Does moving the pooling layer from the model definition (in the constructor) to the forward method bring any advantage in terms of memory consumption?

I guess this is probably a silly question (and the answer is no). I was just asking because if you look at the output from torchsummary that I was showing in my previous post, this would mean that the memory estimates that torchsummary gives are misleading in this case, and the memory consumed by both “models” would be exactly the same?

Thanks!

Adrian

P.S.: While I have you here, may I also ask if there is any simple way of measuring/estimating the memory spent by a model in Pytorch while doing a forward/backward pass? Thanks :wink:

Does moving the pooling layer from the model definition (in the constructor) to the forward method bring any advantage in terms of memory consumption?

The answer is indeed no.
I’m not familiar how torchsummary works, bu it might indeed be an artefact of it.

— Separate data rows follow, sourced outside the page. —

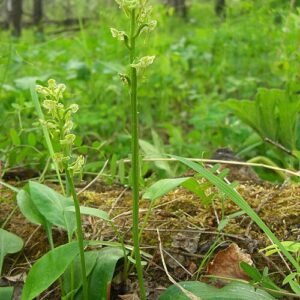 Platanthera obtusata bloem in natuurlijke omgeving, zachte witte bloem.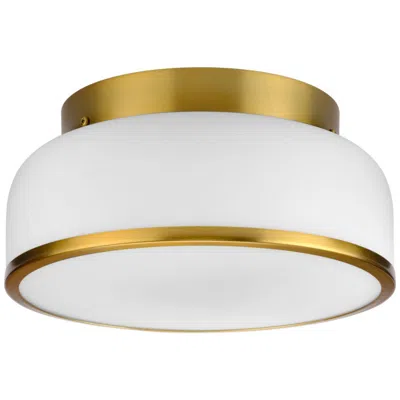 Progress Lighting Parkhurst Collection Two-light 11-1/4" Flush Mount Light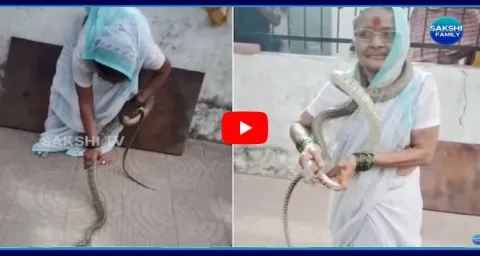 Grandmother In Pune Grabs Snake Without Fear 1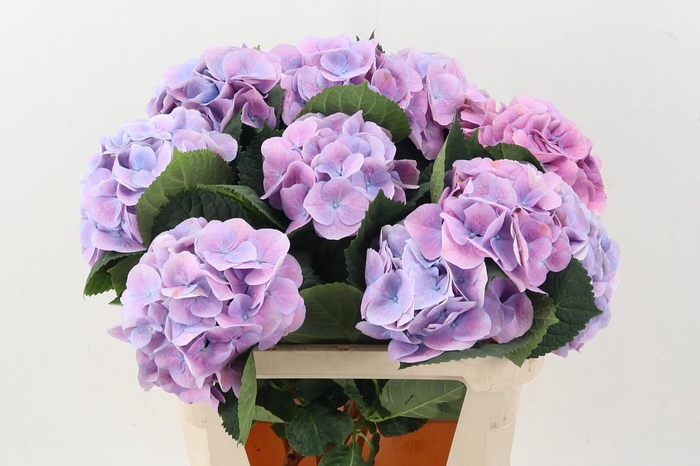 <h4>Hydr M Ch Marsepe Bl</h4>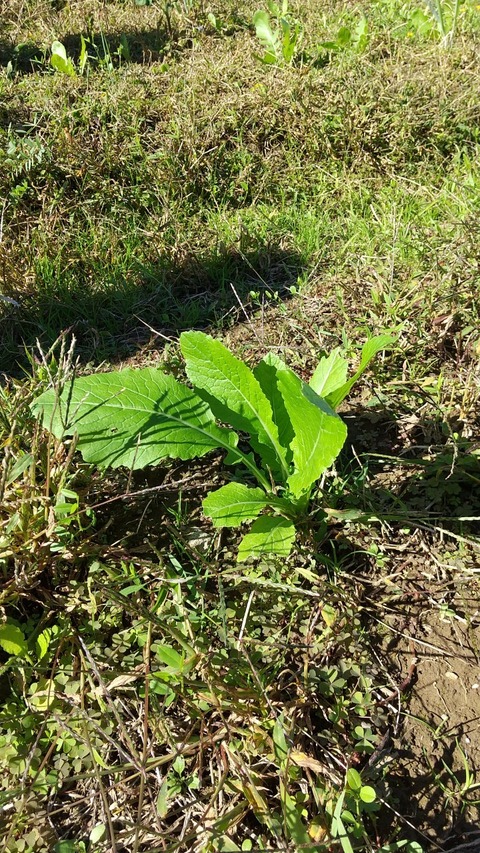 LINE_ALBUM_農業部_211029_0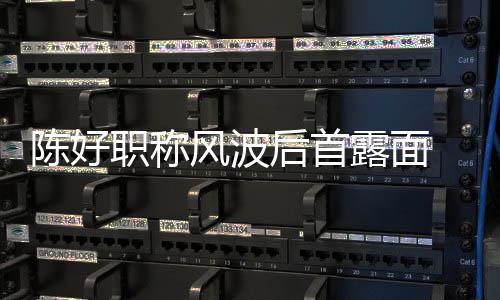 对讲露面职称在线 拿陈好颜值后首话剧风波机排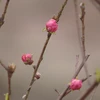Peach blossoms show off beauty in Hanoi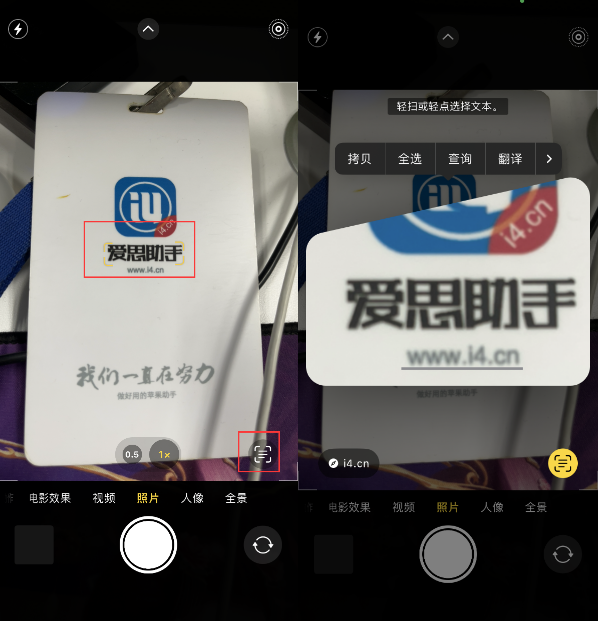 亳州苹果手机维修分享升级iOS 16后如何通过相机翻译文本 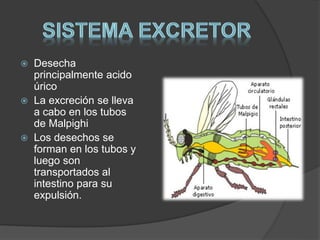  Desecha 
principalmente acido 
úrico 
 La excreción se lleva 
a cabo en los tubos 
de Malpighi 
 Los desechos se 
forman en los tubos y 
luego son 
transportados al 
intestino para su 
expulsión. 
 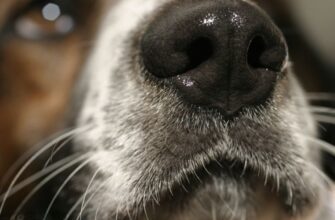 Сопли у собаки: причины и лечение насморка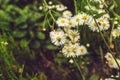 Group of White Daisies with Flies in Garden. Top View. Royalty Free Stock Photo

While I have you here, may I also ask if there is any simple way of measuring/estimating the memory spent by a model in Pytorch while doing a forward/backward pass?

Whatever is your favorite package to measure cpu memory usage in python.
For CPU code, I would recommend python memory-profiler as it gives very nice outputs.
For GPU code, it is trickier because of both the asynchronous nature of cuda ops and the caching allocator we use. In that case, you can use our own functions to get the used GPU memory and cuda synchronization to get readings manually at different points of your code.